It is easy to think of American politics in terms of wars, economic trends, or generational issues, and to feel that one vote couldn’t possibly matter. But the truth is, one vote on every little millage, proposition, and referendum is our honor, our heritage, and our power. American politics has problems and plenty of division, but through it all, Americans have a voice, and the hope for our future is to face our problems, and use our voices to keep some privileges the same and to make changes when we need to protect our freedom and act to make laws or elect officials.

As Americans we enjoy freedom and our vote helps maintain that freedom. From electing George Washington as the first President of the United States to creating the constitutions of each state in the union; from the 15th amendment granting the very right to vote to every citizen regardless of “race, color, or previous condition of servitude” to the 19th amendment extending that right to include both sexes, every vote has been a voice, and those voices together create laws and elect individuals.

The strength of the United States is in its democratic values, its checks and balances, and its unity. We vote on issues and people. What is democracy if not people and issues? We must all have a voice in the issues and a stake in the people we choose to represent us. My vote matters because my voice is power.
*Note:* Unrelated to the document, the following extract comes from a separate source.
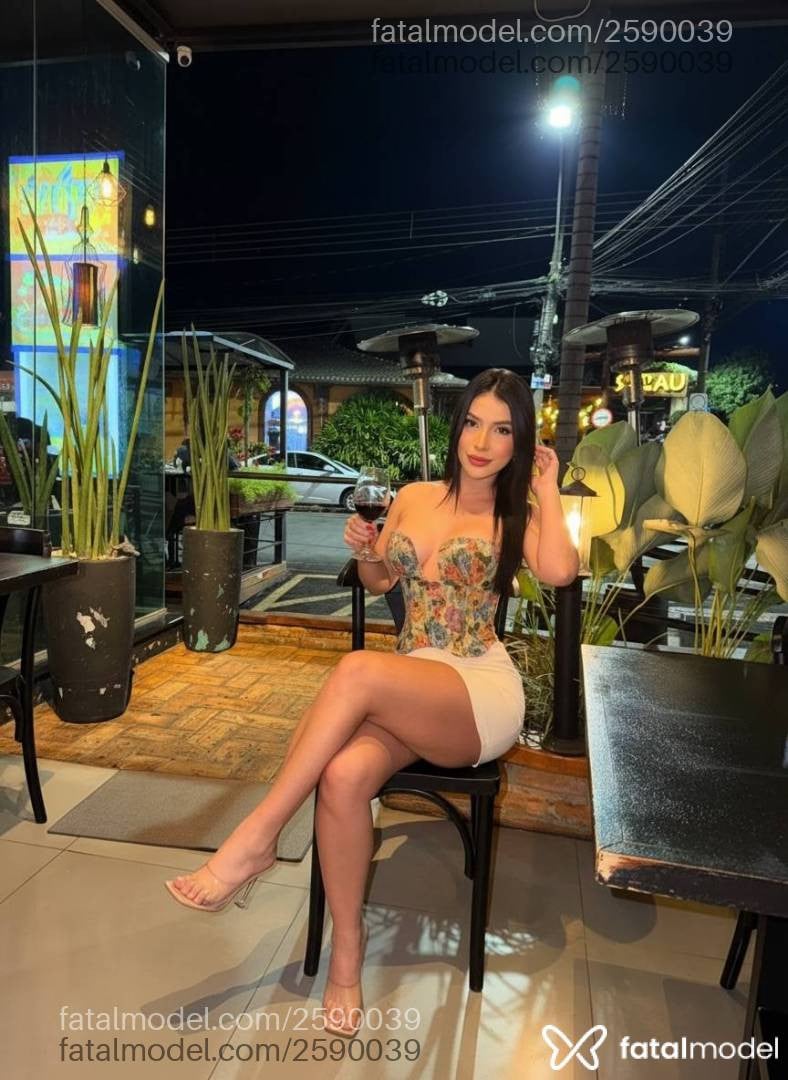 Acompanhante mulher com cabelo castanho de olhos castanhos em Ourinhos - Anastácia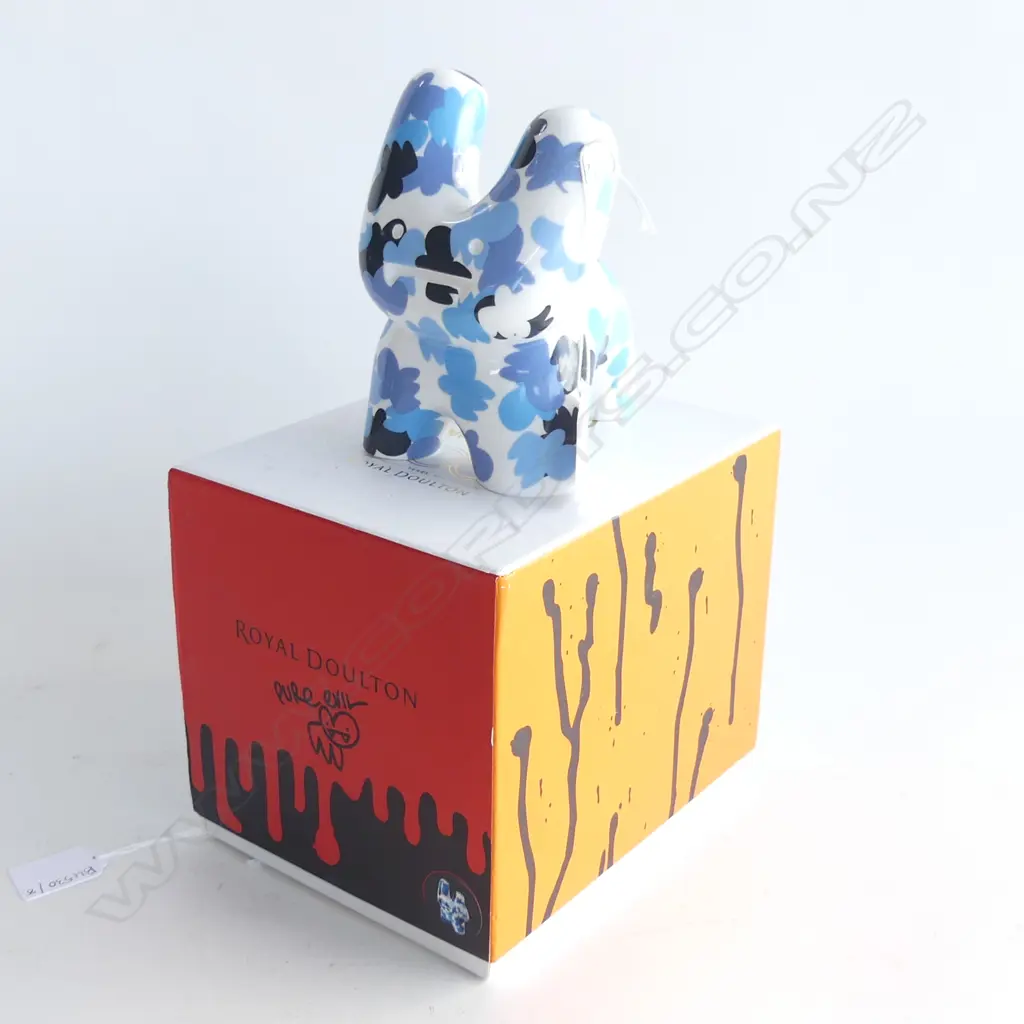 ROYAL DOULTON 'CAMO BUNNY' w. BOX H.130mm Image 1++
It might help determine what kind of healthcare my family and I will have, whether my right to bear arms is in jeopardy, or how my taxes will be allocated. I may help decide which supreme court justices will be appointed, or what immigration

policies will be in place. My voice may help determine our country’s policy on trade, war, the environment and the economy, even down to college costs and gas prices. My vote is my voice and my voice is my freedom. I don’t think there is any question of why my vote matters. The only question would be why anyone would abstain from exerting their power, their privilege as a citizen, and their voice, all contained in a simple vote.

About Voice of Democracy and Patriot Pen Programs

According to VFW Post 4090 Commander Bill Almy, “The Voice of Democracy and Patriot Pen program is the VFW's shining star when it comes to youth activities and programs. Voice of Democracy it's geared for high school level students to write essays and record their essays to be judged and screened at the post level with the opportunity to advance to District, State department and National level for total scholarship of $30,000 in college tuition to the winner at National level.”

The essays are normally two to three minutes long and the topic is chosen by the Veterans of Foreign Wars organization each year.

The Patriot Pen essay program is an opportunity for Middle School students to participate in a similar essay program. The topic again is chosen by the Veterans of Foreign Wars organization and the prize package is less than Voice of Democracy winners. The Patriot Pen program gives middle schoolers and opportunity to test their skills in the essay program and once they get to high school level participate in Voice or Democracy for greater Rewards.

The Portland Beacon has made arrangements with VFW Post 4090 to publish some of the submissions it received this year. The words, thoughts and ideas shared in the submissions are those of the author.